### MATERIALS PROVIDED
________

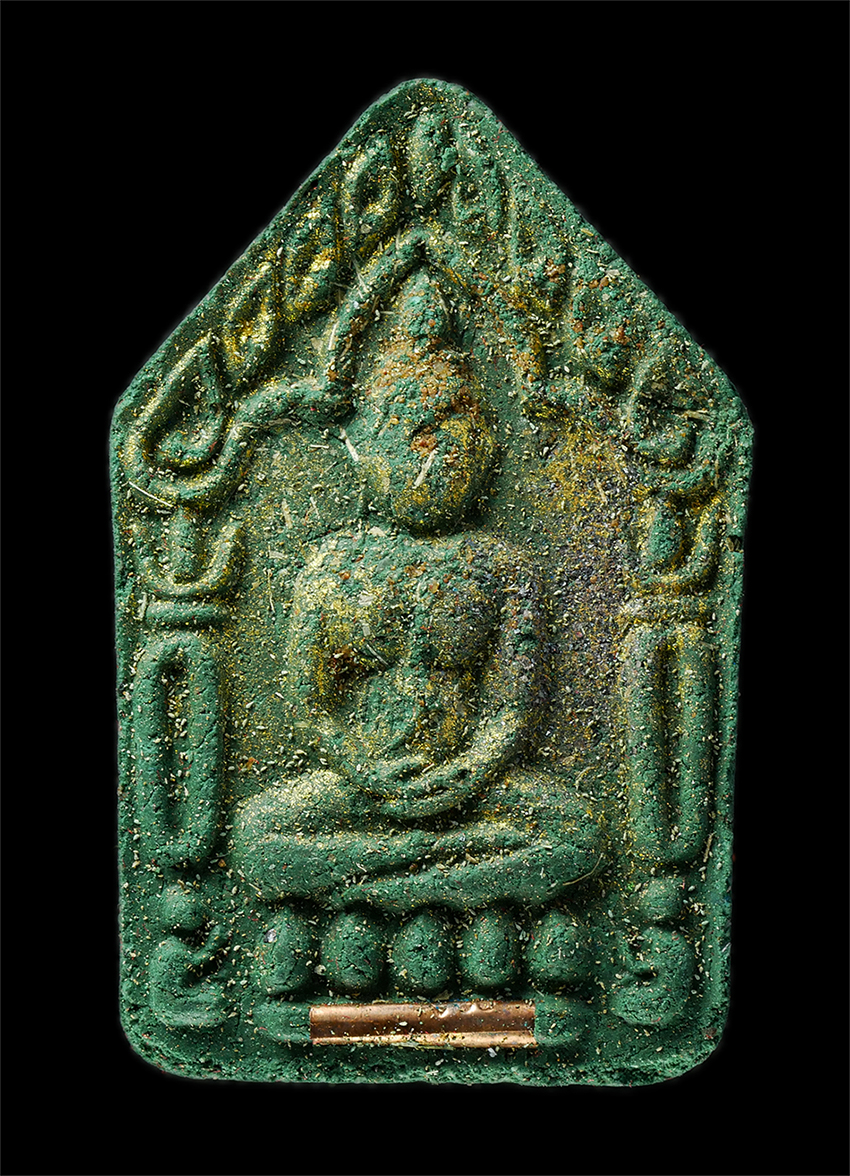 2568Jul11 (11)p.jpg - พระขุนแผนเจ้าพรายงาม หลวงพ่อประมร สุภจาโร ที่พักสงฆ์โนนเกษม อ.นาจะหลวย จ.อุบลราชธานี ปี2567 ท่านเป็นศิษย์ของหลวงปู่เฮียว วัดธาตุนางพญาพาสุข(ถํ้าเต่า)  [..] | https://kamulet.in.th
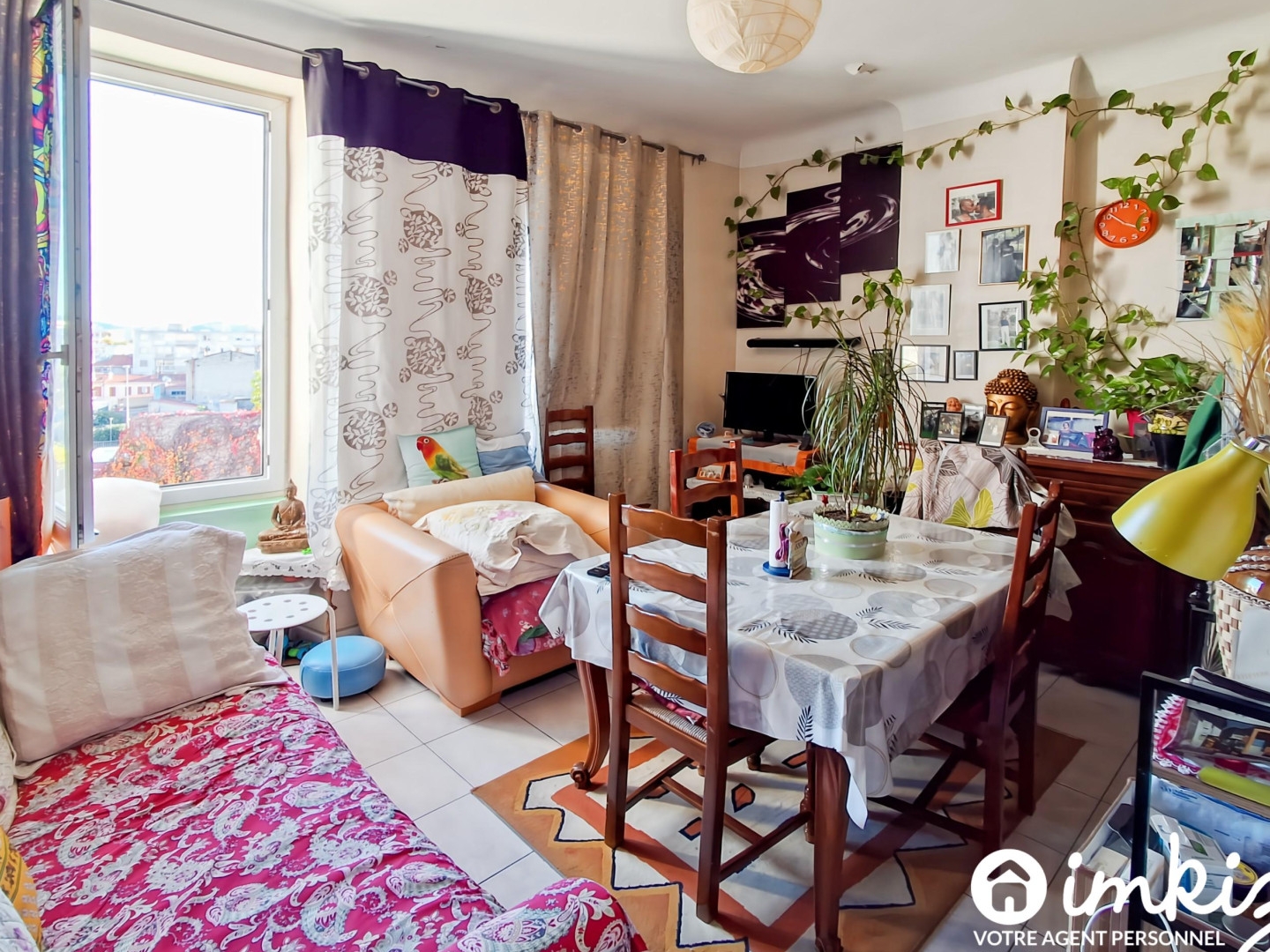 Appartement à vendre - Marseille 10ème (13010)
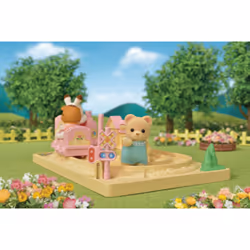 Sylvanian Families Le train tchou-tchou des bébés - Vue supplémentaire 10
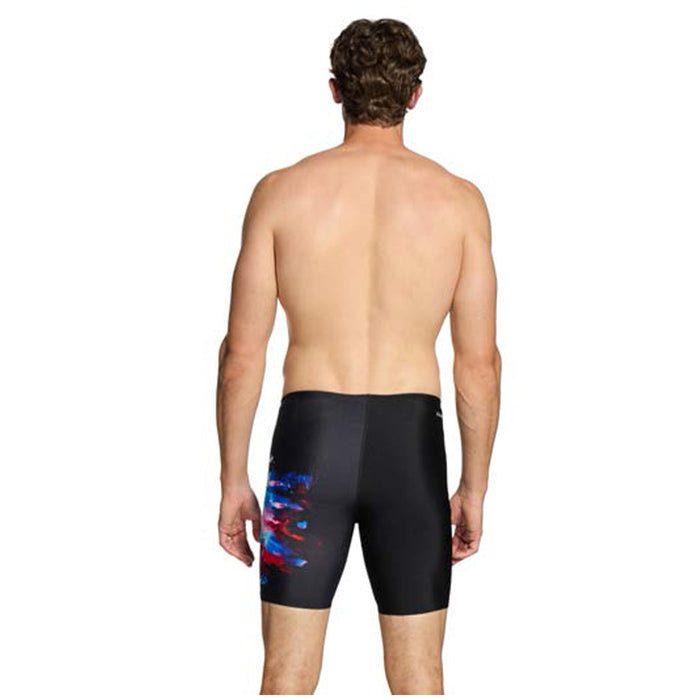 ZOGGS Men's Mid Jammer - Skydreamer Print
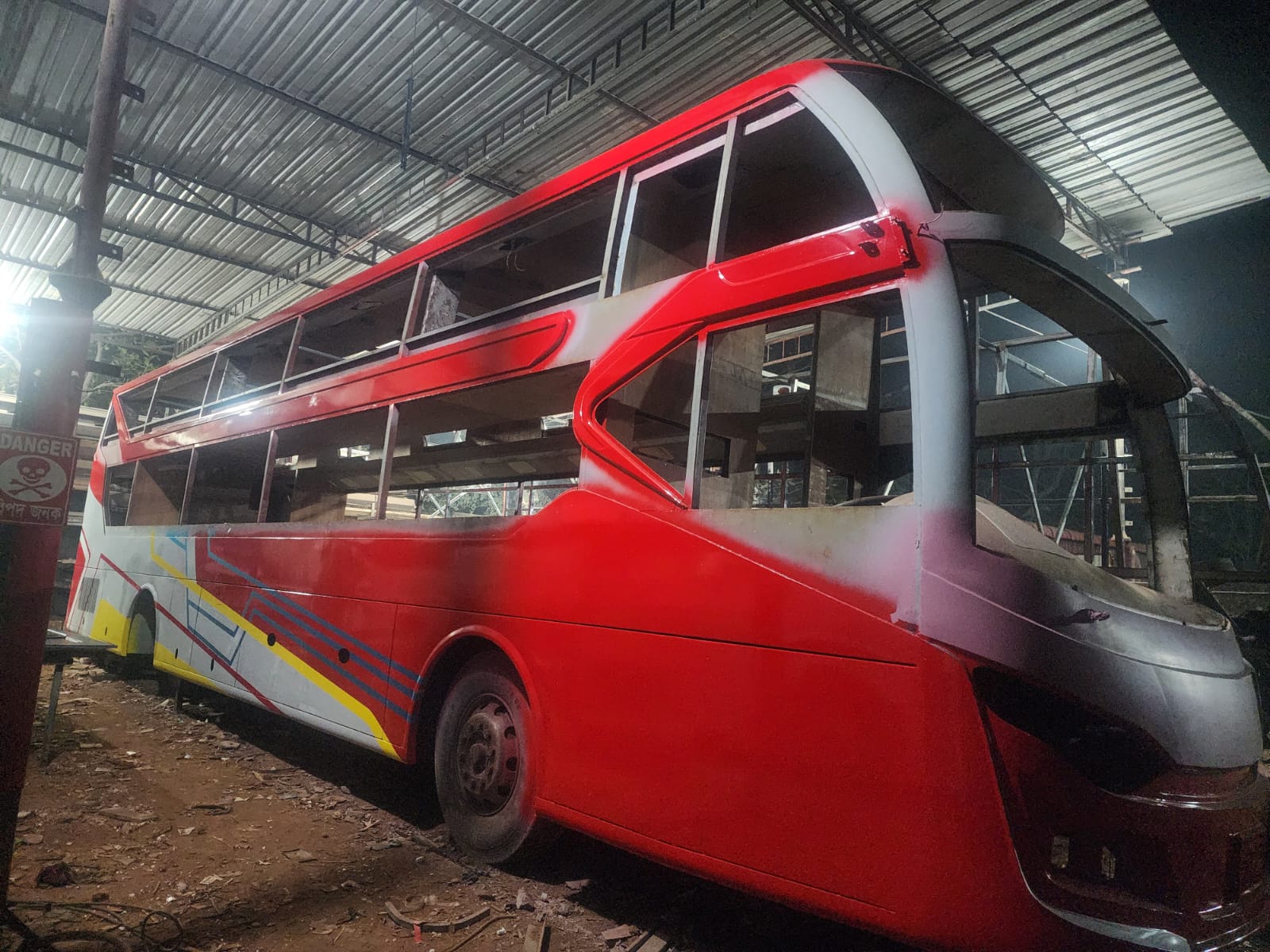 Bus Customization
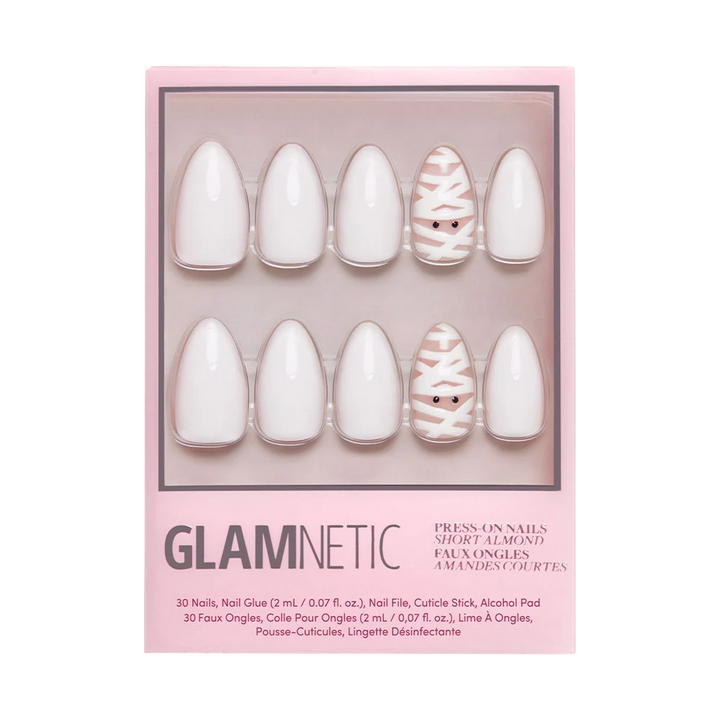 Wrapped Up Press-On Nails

________

### EXERCISE DETAILS
Your output should be the full set of entries above, restated word for word and free of pictures.

### REPLY TO THE TASK
 2568Jul11 (11)p.jpg - พระขุนแผนเจ้าพรายงาม หลวงพ่อประมร สุภจาโร ที่พักสงฆ์โนนเกษม อ.นาจะหลวย จ.อุบลราชธานี ปี2567 ท่านเป็นศิษย์ของหลวงปู่เฮียว วัดธาตุนางพญาพาสุข(ถํ้าเต่า)  [..] | https://kamulet.in.th
 Appartement à vendre - Marseille 10ème (13010)
 Sylvanian Families Le train tchou-tchou des bébés - Vue supplémentaire 10
 ZOGGS Men's Mid Jammer - Skydreamer Print
 Bus Customization
 Wrapped Up Press-On Nails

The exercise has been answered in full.